Wednesday, September 24, 2008

Necessity… the mother of invention

Sunday, mid way through making supper the gas for the hob ran out! Not too much of a disaster as the fish were happily baking in the electric oven, the salad needed no cooking, just the potatoes to do. So the resourceful ‘machine nut’ husband headed out to our camper van parked on the drive and rustled up some chips for us. Fish & Chips French style… no batter just delicious fresh trout stuffed with herbs and caramelised lemons and baked in the oven.

Despite getting a new bottle of propane we couldn’t get the hob working on Monday either. Panic! All the makings of a perfect Ratatouille collected from the market and the garden but no stove to cook it; a quick re think for an oven only recipe was required. The impromptu (what’s in the French vegetable basket) make it up as I go along Sausage Casserole was a triumph… and the ‘machine nut’ has requested that the dish makes it onto my list of regular weekday supper dishes!

Made Up Sausage Casserole
(Serves 2 generously with leftovers - with a few more sausages could be stretched to serve 4 or 5)

2 Toulouse Sausages per person
(or any good butcher’s sausage with high meat content)
1 Aubergine
1 Red pepper
1 Courgette
1 Onion
1 Carrot
2 Small Leeks
6 Mushrooms
3 Big Tomatoes (dipped in boiling water and peeled)
3 Large Cloves Garlic
Large Glass Red Wine
(and a small one to drink while you are cooking… it’s the French way!!)
Fresh Herbs – small bunch of each Rosemary, Thyme, Oregano
Olive Oil

Basil Oil or other flavoured oil to serve

Brown the sausages in a little oil (I did it in a pan in the oven but normally on the hob over a high heat would be better) a just a minute on each side to give them a little colour.

Chop the Aubergine, Pepper, Courgette into largish lumps (1inch) cut the Onion into wedges and chop up the leek and carrot into thick slices, quarter the mushrooms, peel and roughly chop the tomatoes.
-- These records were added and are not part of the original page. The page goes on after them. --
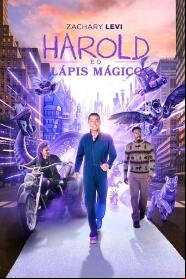 Assistir Harold e o Lápis Mágico online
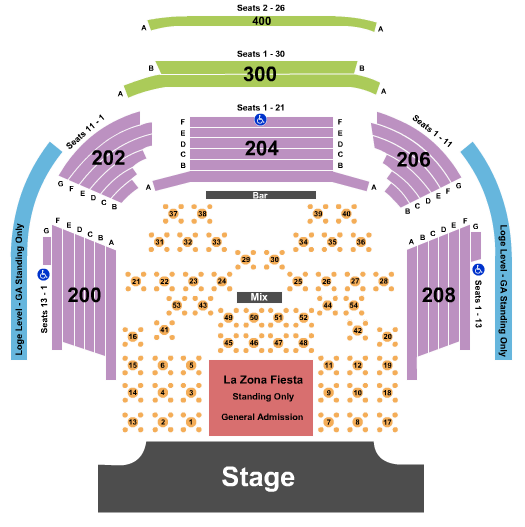 Santana Las Vegas Tickets 2021 House of Blues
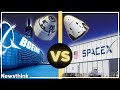 How SpaceX Won the Race Against Boeing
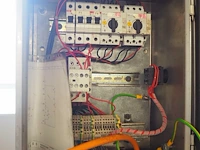 Nn vibrating gutter - afbeelding 2 van  10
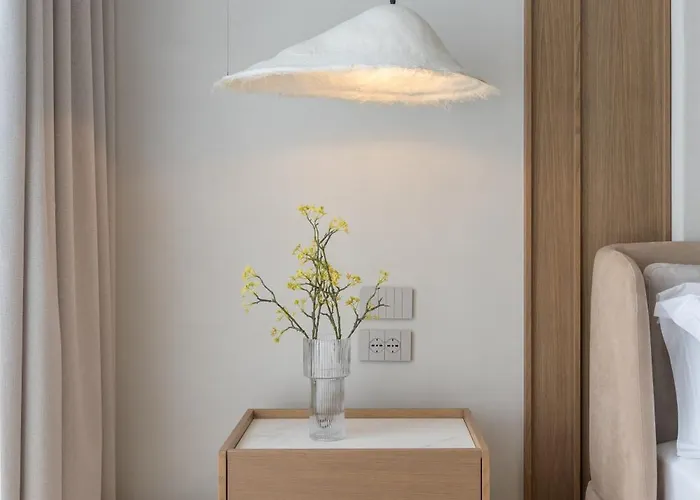 Hotel Ciao Borshi Boutique Borsh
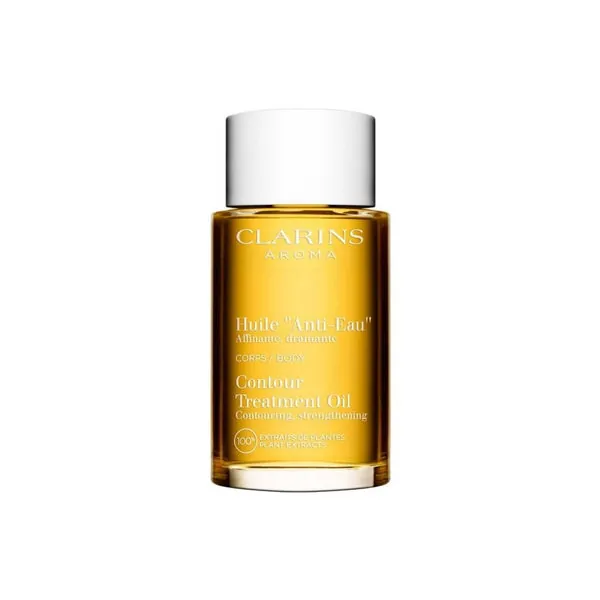 Clarins Aceite Anti-Eau Tratamiento Corporal 100ml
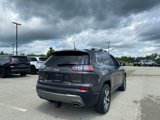 Certified 2019 Jeep Cherokee Limited image 2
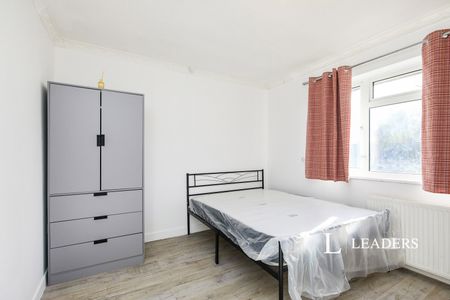 1 bedroom house to rent Belfast Walk, Chaddesden, Derby, Derbyshire, DE21 - Photo 4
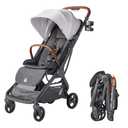 Ergobaby Metro 3 Deluxe Baby Stroller for Newborns, Infants, and Toddlers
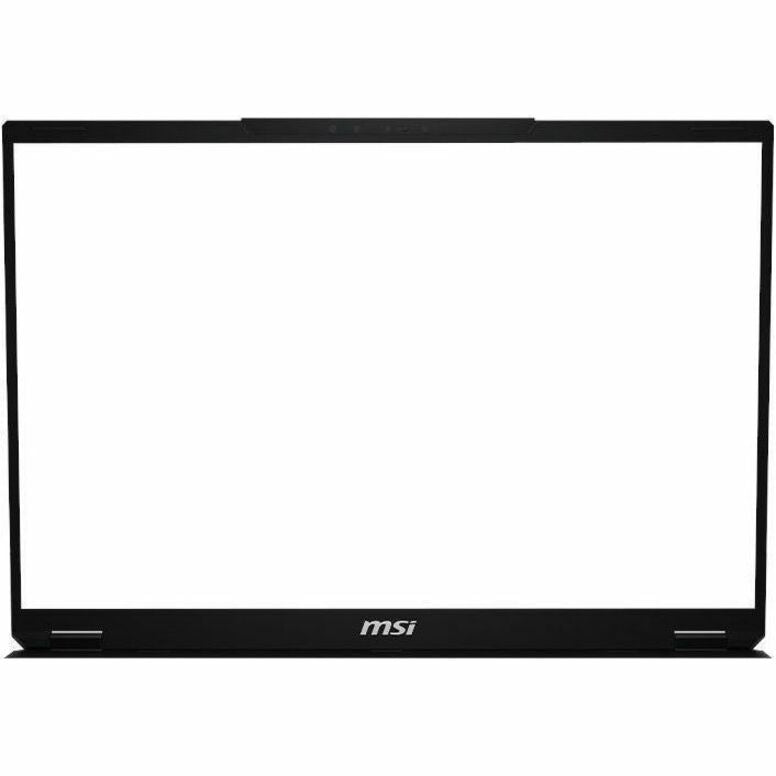 MSI Stealth 18 AI Studio A1V Stealth 18 AI Studio A1VHG-008US 18" Gaming Notebook - UHD+ - 120 Hz - Intel Core Ultra 9 185H - 32 GB - 1 TB SSD - Midnight Black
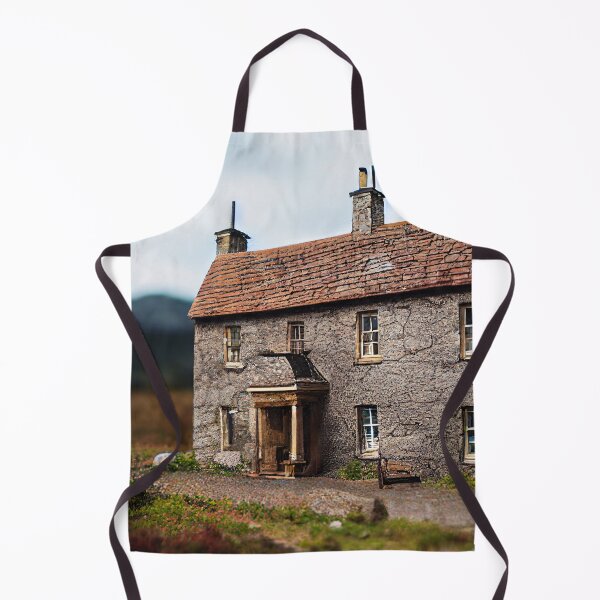 Item preview, Stylised Scotland 13 designed and sold by snoutandbeak.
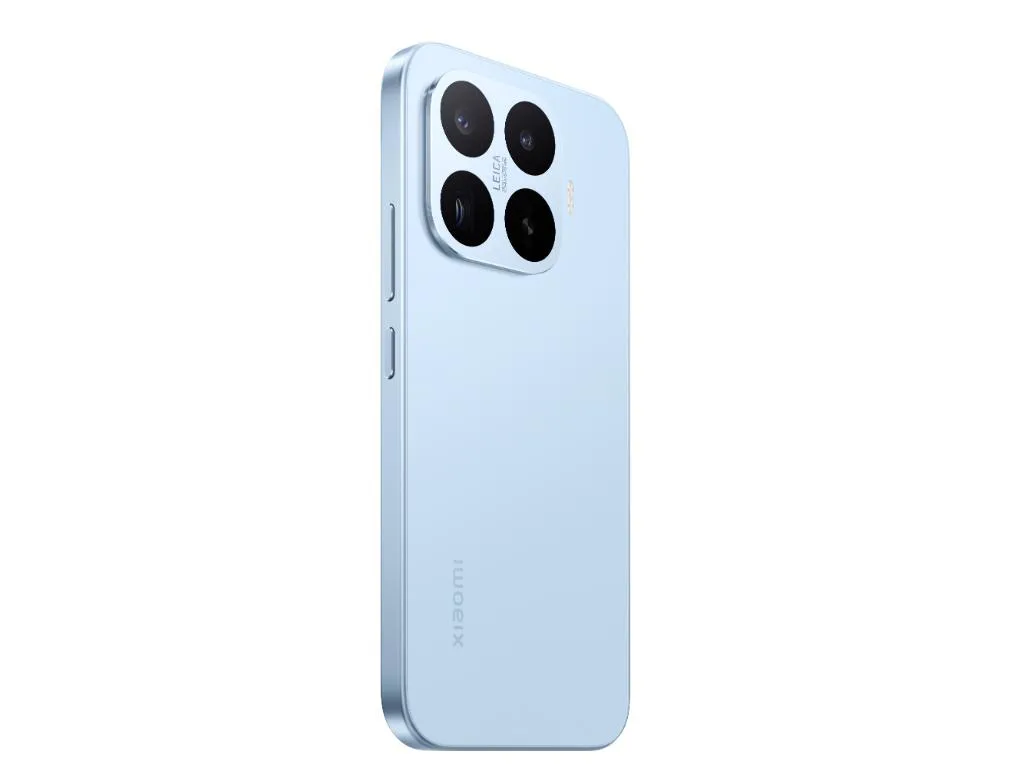 Xiaomi 17T 12+256, Blue - slika 2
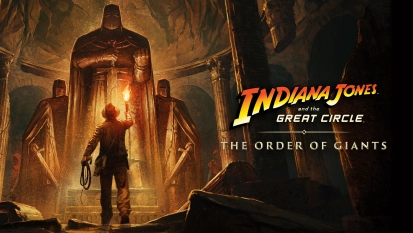 Indiana Jones and the Great Circle: The Order of Giants maakt opwachting op Nintendo Switch 2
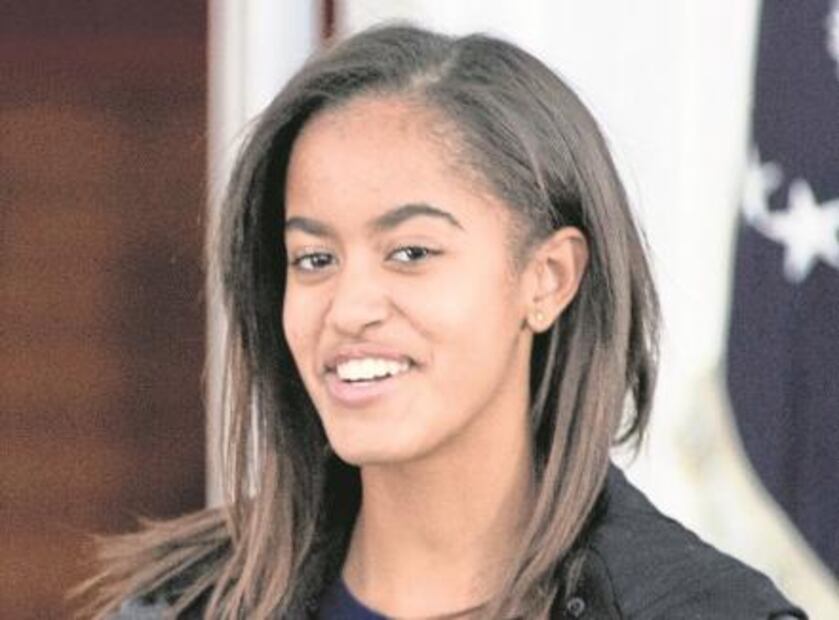 Lo que no sabías de los Obama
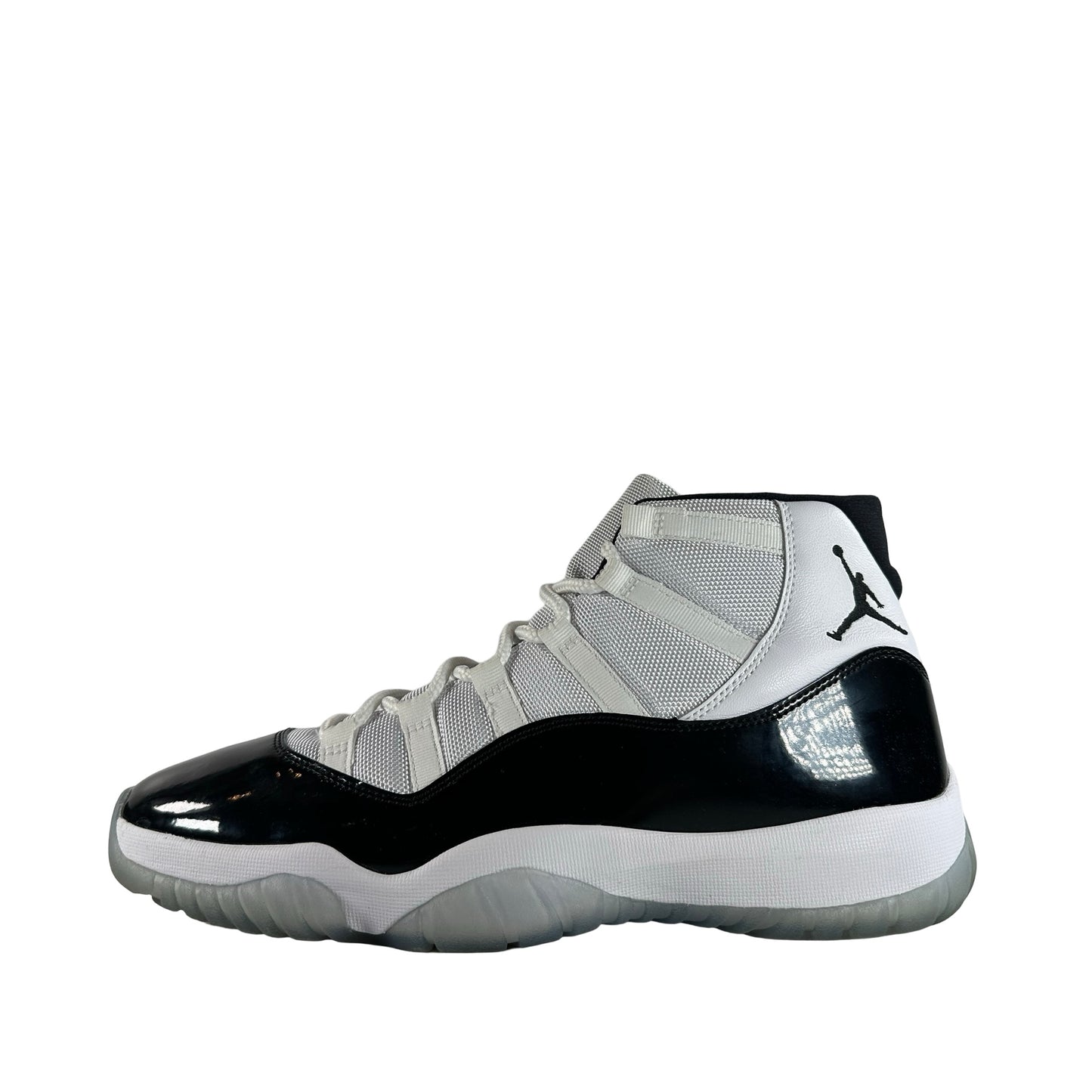 378037 100 Jordan 11 Retro Concord (2018) [USED] - 10.5 M (Used2)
Squash the garlic and peel then roughly chop. Strip the herb leaves off any woody stems and roughly chop.

Put all the vegetables except the mushrooms into a large casserole dish with a lid. Put in a generous slug of olive oil, add the garlic and herbs and toss them all together. (Don’t worry if the casserole is almost over flowing with vegetables they will cook down nicely.)

Pour over the Red Wine and add the sausages. Give it a stir, put the lid on and put it into the oven on a low setting around 150/160 ÂșC Gas Mark 2 or 3 for 2.5 hours or so.

After 1hour give it all a stir, push the sausages down into the liquid, replace the lid and continue cooking. Half an hour before the end of cooking add the mushrooms and stir again, replace the lid and return to the oven.

When you are ready to serve take out of the oven add a little basil or other flavoured oil and give it a stir. Ladle the vegetables and juices/gravy into warmed bowls, top with a couple of the sausages and serve with crusty bread.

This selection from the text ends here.